Hadits tersebut berbunyi: “Tidak ada hak dalam harta selain zakat.” Namun, ada perdebatan mengenai keabsahan hadits ini karena perawi yang diriwayatkan dinilai tidak terpercaya sehingga status hadits menjadi lemah. Namun, terdapat riwayat hadits lain dari Ibn Mâjah yang maknanya hampir sama, namun dengan perbedaan lafazh.
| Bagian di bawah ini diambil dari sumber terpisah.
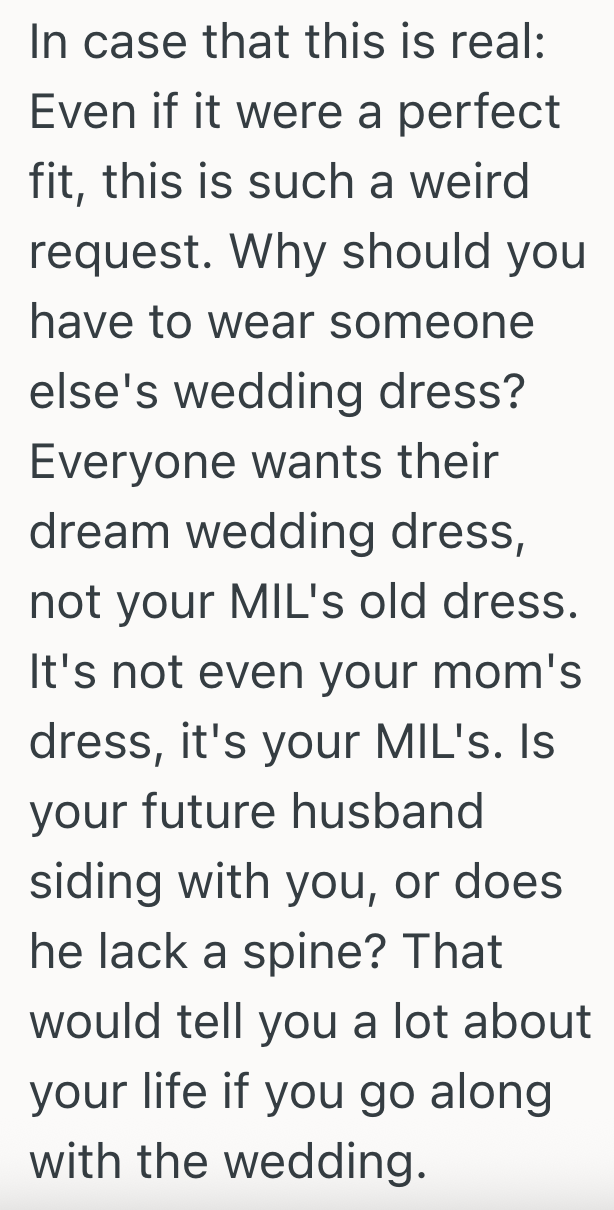 Screenshot 2025 08 12 at 10.28.32 AM Brides Future Mother In Law Wants Her To Wear Her Wedding Dress, But the Bride Points Out An Obvious Problem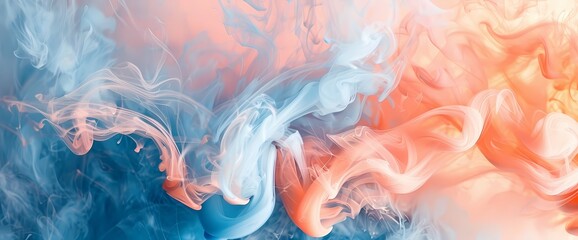 Apricot smoke dancing over an abstract backdrop of sapphire blue and soft peach.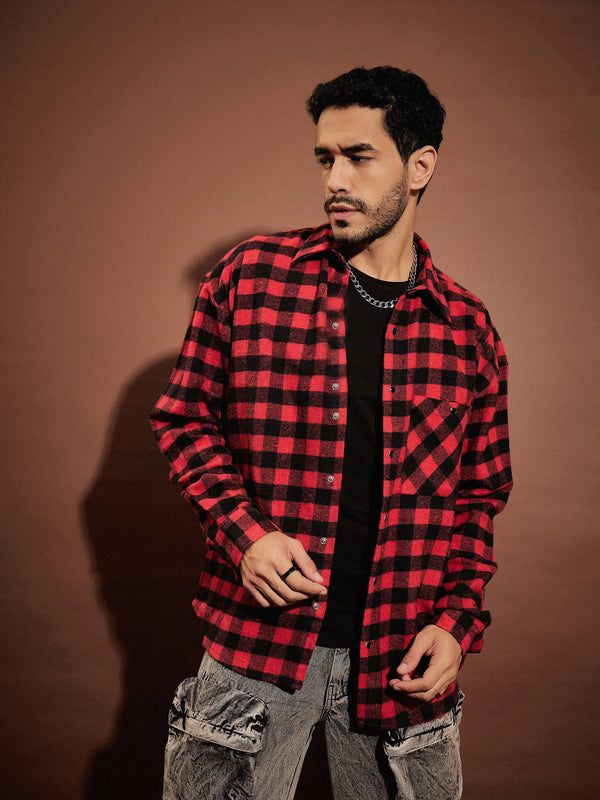 Men Red & Black Check Oversized Shirt | WomensfashionFun.com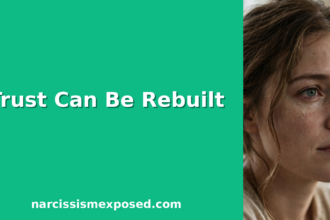 Woman with fragile hope in her eyes beside a mint green panel that reads Trust Can Be Rebuilt, featured image for the trust in a relationship guide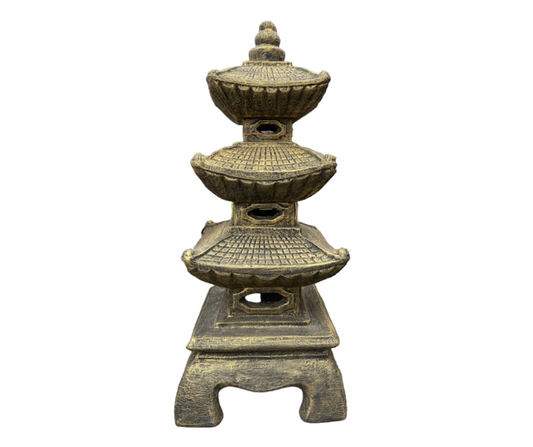 4 Tier Pagoda Lantern Statue Black Gold 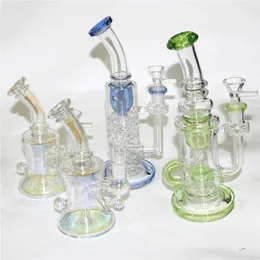 3 Designs Glass Bong Metallic Color Tinted Green Bule Glass Vatten Rör Dab Rigs Recycler Oil Bubbler till salu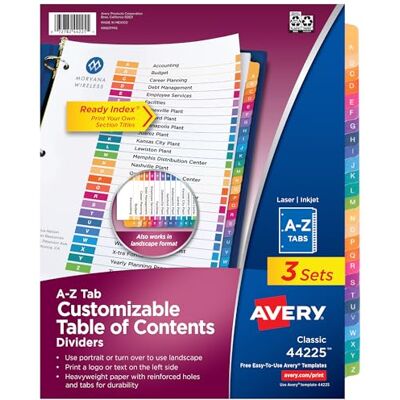 Avery A-Z Tab Dividers for 3 Ring Binders, Page Dividers, Binder Organizer, Customizable Table of Contents, Multicolor, 3 Sets (44225) Avery A-Z Tab Dividers for 3 Ring Binders, Page Dividers, Binder Organizer, Customizable Table of Contents, Multicolor, 3 Sets (44225)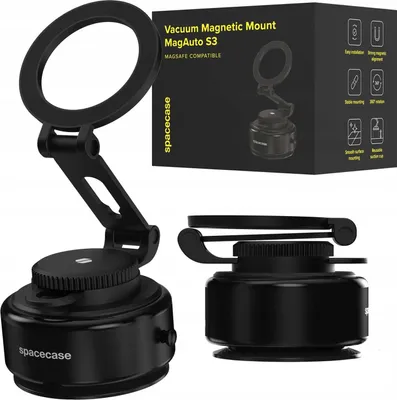 Zdjęcie produktu dla Uchwyt samochodowy z przyssawką SPACECASE Próżniowy Magnetic Mount MagAuto S3 Czarny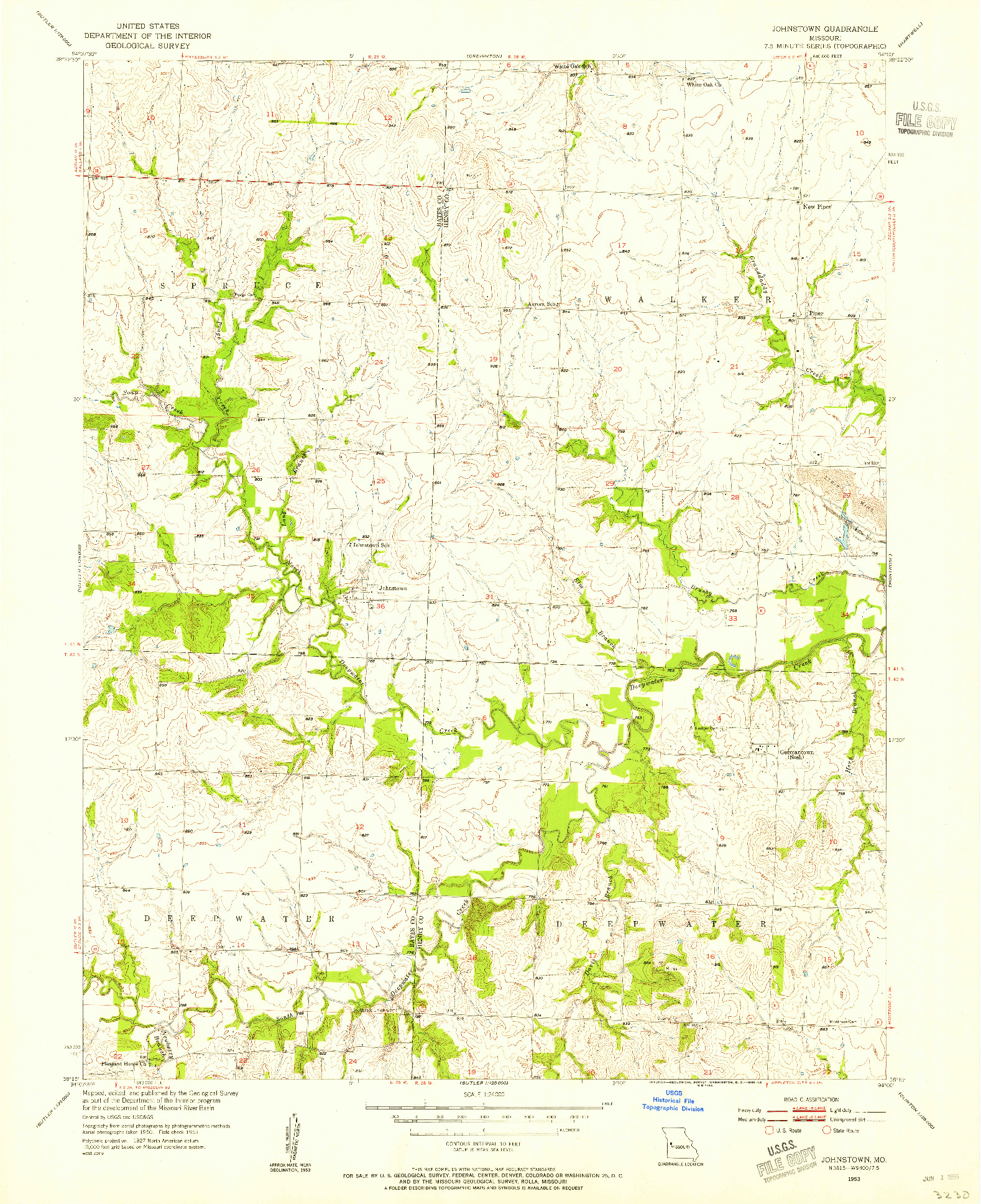 USGS 1:24000-SCALE QUADRANGLE FOR JOHNSTOWN, MO 1953
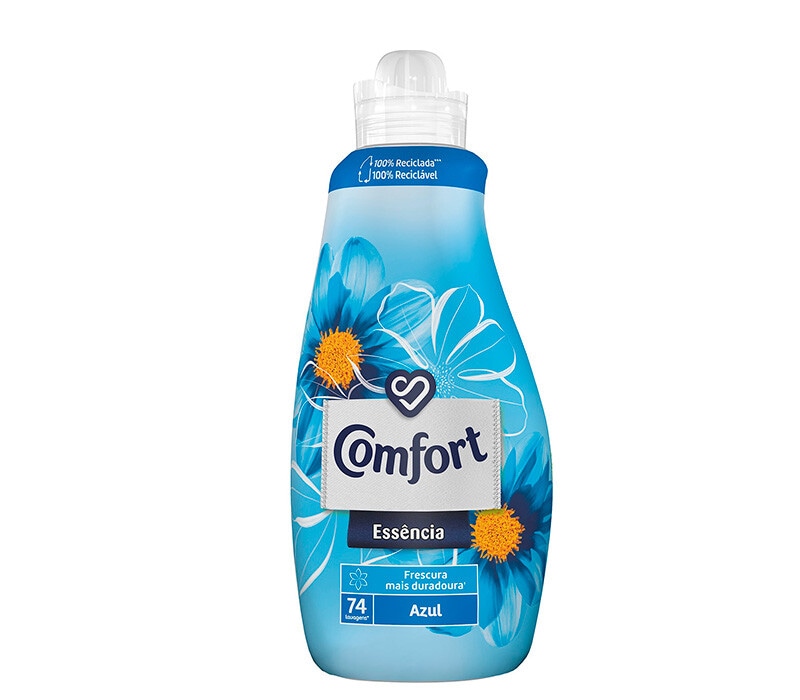 Comfort Amaciador de Roupa Essência Azul embalagem 74 doses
Hadits lain tersebut menyatakan: “Tiada hak dalam harta yang tersimpan selain dari zakat.” Hadits ini menjadi saksi bagi hadits pertama sehingga derajat keabsahan hadits pertama meningkat menjadi kuat. Kemudian, Imam Al-Tirmidzî meriwayatkan hadits lain yang berlawanan maknanya, yaitu: “Sesungguhnya dalam setiap harta terdapat hak selain zakat.”
Setelah diselidiki, hadits terakhir ini memiliki banyak perawi yang menegaskan kekuatan keabsahannya. Dengan demikian, terdapat dua hadits yang keabsahannya sama, namun terlihat bertentangan dari sisi makna. Metode untuk memahami kedua hadits tersebut adalah dengan berusaha mengompromikan keduanya atau memeriksa sanad masing-masing perawi.
Setelah melalui penelitian, ditemukan bahwa hadits yang menyatakan adanya hak lain di dalam harta selain zakat lebih dipilih karena memiliki banyak perawi dan lafazh hadits yang serupa di antara perawi-perawi tersebut. Kesimpulannya, berdasarkan takhrij hadits, terdapat hak lain di dalam harta selain dari zakat.
Namun, hal ini belum menjawab pertanyaan tentang keabsahan pemerintah dalam memungut pajak kepada masyarakatnya. Untuk memahami lebih lanjut mengenai perpajakan dalam Islam, diperlukan penelitian lebih lanjut mengenai perbedaan antara pajak dan pungutan liar.